### Task item
Transcribe the listing below verbatim, omitting pictures.
--- The data ---
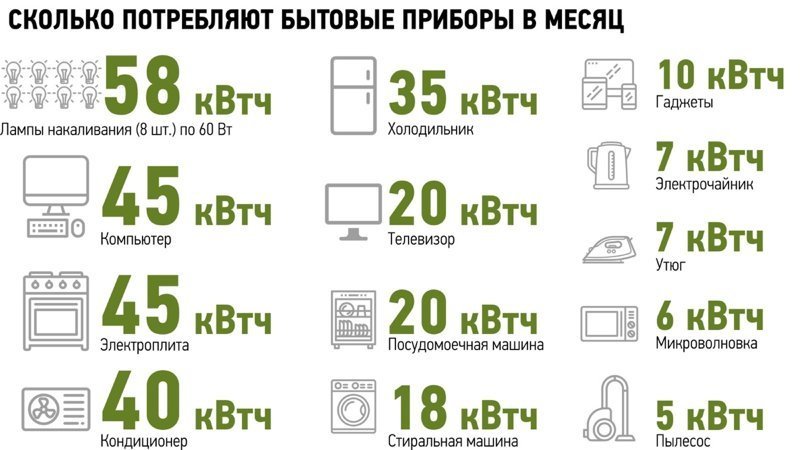 Потребление электроэнергии холодильником: за месяц, за год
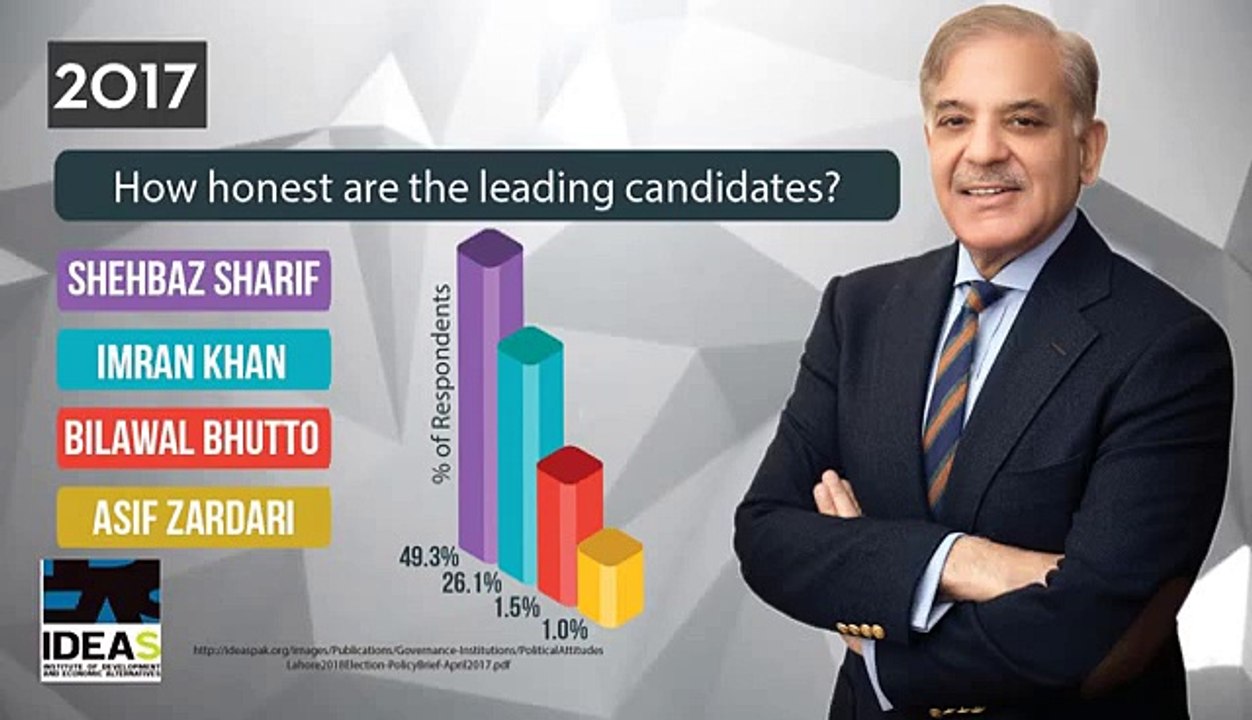 CM Punjab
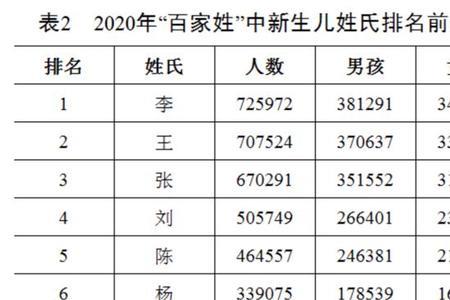 百家姓倒数第一吗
---
### Output
 Потребление электроэнергии холодильником: за месяц, за год
 CM Punjab
 百家姓倒数第一吗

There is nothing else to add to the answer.